The other six tracks are remixes of songs from their first four albums. The instrumental track for "Road", the lead single of their fourth album, was completely rearranged by MeloMance member Jeong Dong-hwan and features the vocals of solo singers IU and Yang Da-il, former Super Junior-M member Henry Lau and Jo Hyun-ah of indie R&B trio Urban Zakapa. The remaining five tracks were individually produced by each g.o.d member.

==Release==
The song "Snowfall" (눈이 내린다) was released as a digital single on November 27, 2018, at 6pm (KST). It was part of the group's promotions for their upcoming year-end concerts from November 30 to December 2. The album was released on January 10, 2019, and is available in both digital and CD formats. The physical album also contains a 72-page photo book.

==Reception and chart performance==
The album was listed by Billboard as one of the ten most anticipated K-pop albums of 2019. Within 24 hours after its release, it topped local digital charts such as Mnet, Soribada and Naver Music. In its review of the album, the Korea Economic Dailys entertainment-focused subsidiary newspaper 10Asia noted that the new songs were reminiscent of g.o.d's unique musical style and the remakes of the older songs highlighted the individual musical preferences of each member. The title track "Leave That Man" was singled out for praise by 10Asia and The Chosun Ilbo, the latter praising the "sensuous harmony, created by Park Jin-young's addictive melody and vocals of different colors". Genie Music listed the album in its monthly list of recommended albums by domestic artists and cited Park's collaboration as a long-awaited highlight.

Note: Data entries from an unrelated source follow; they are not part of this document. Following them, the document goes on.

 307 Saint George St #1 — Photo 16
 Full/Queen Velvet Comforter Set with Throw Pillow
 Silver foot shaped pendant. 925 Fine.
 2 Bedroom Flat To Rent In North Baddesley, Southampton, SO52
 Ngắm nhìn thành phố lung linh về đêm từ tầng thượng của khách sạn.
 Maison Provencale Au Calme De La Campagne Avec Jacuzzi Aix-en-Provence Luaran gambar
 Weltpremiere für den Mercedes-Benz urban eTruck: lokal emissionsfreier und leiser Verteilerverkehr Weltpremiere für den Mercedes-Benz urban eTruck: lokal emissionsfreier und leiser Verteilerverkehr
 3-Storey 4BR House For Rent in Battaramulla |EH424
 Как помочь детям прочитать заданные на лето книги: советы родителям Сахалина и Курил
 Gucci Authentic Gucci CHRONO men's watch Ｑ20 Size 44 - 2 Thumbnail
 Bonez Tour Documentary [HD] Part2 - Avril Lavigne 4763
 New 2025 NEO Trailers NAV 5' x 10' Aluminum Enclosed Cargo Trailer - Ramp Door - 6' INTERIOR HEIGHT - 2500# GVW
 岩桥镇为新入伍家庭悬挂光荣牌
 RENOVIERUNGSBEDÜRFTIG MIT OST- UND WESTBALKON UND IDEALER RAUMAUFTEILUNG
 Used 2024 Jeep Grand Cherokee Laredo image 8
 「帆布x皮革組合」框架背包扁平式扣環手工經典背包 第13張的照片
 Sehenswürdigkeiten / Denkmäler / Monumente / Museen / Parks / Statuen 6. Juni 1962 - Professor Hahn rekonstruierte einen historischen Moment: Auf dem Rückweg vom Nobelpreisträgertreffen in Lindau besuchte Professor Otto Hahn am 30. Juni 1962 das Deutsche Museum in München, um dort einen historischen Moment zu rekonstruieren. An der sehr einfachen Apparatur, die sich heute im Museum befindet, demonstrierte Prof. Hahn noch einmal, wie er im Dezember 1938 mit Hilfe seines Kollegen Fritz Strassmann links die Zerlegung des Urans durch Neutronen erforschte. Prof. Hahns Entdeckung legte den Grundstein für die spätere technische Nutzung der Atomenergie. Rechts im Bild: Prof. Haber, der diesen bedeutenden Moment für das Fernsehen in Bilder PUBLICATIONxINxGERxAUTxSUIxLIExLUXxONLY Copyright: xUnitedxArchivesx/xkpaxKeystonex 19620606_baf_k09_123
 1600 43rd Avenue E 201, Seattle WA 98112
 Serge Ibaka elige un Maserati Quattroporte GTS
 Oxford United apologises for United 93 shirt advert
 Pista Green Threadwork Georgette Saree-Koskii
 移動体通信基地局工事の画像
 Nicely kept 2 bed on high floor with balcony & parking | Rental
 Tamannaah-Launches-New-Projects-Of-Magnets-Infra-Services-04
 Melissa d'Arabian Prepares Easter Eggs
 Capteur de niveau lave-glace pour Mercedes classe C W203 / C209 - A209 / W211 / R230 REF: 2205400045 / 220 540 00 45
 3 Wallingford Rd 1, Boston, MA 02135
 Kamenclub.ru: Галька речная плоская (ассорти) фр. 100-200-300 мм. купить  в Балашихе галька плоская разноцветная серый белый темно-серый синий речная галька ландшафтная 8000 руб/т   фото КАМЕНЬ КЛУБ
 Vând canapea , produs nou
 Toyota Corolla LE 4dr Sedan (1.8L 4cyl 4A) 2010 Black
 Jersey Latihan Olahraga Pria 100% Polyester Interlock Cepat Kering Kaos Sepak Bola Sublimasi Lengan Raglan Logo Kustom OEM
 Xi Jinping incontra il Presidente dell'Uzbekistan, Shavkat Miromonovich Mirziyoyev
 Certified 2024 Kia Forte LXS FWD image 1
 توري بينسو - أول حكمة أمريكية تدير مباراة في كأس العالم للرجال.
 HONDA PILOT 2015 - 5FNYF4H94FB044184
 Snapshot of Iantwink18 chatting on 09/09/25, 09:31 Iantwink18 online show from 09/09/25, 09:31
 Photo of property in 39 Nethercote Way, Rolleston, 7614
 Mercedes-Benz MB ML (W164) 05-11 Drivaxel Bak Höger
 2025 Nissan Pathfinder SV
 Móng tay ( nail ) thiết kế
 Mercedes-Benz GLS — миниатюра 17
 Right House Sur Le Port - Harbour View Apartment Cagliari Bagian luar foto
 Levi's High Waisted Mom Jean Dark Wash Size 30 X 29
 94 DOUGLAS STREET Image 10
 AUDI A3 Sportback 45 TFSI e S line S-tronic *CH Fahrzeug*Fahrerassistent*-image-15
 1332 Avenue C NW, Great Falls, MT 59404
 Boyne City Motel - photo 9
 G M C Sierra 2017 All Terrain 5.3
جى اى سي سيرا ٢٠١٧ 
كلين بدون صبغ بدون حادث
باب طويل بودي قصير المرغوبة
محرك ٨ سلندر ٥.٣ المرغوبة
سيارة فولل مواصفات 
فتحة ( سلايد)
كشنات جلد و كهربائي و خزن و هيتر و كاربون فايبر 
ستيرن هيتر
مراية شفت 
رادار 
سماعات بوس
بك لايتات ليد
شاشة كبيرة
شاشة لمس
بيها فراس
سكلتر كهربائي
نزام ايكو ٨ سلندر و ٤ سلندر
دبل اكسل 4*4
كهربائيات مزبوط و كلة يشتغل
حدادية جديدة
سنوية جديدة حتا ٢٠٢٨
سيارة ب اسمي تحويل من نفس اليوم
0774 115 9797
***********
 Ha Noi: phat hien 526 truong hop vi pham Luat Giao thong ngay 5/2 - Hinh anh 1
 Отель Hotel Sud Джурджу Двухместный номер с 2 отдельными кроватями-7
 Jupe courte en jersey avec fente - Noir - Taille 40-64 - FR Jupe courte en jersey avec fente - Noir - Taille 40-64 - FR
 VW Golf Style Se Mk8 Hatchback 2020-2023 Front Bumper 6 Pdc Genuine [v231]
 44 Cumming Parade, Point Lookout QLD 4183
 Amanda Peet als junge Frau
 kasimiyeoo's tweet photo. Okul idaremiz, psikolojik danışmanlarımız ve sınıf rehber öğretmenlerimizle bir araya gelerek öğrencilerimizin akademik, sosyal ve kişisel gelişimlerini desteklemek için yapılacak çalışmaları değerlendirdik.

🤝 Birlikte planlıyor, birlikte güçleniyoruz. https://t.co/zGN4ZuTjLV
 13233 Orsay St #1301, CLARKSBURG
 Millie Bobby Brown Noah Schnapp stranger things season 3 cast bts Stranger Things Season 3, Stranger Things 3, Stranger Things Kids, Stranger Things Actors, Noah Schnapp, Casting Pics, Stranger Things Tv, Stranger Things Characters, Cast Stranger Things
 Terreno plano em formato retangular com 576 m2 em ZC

The song, "Leave That Man", debuted at number 63 and two other tracks charted on the Gaon Digital Chart. It ranked at number 77 in the monthly chart for January.

==Track listing==

- ^{} signifies a producer that has multiple song credits for the album
- ^{} signifies a composer who is also the arranger
- ^{} The original song is from the fourth album. This remake was produced by Joon Park.
- ^{} The original song is from the first album. The remake was produced by Yoon Kye-sang.
- ^{} The original song is from the third album. The remake was produced by Danny Ahn.
- ^{} The original song is from the fourth album. This remake was produced by Son Ho-young.
- ^{} The original song is from the fourth album. This remake was produced by Kim Tae-woo.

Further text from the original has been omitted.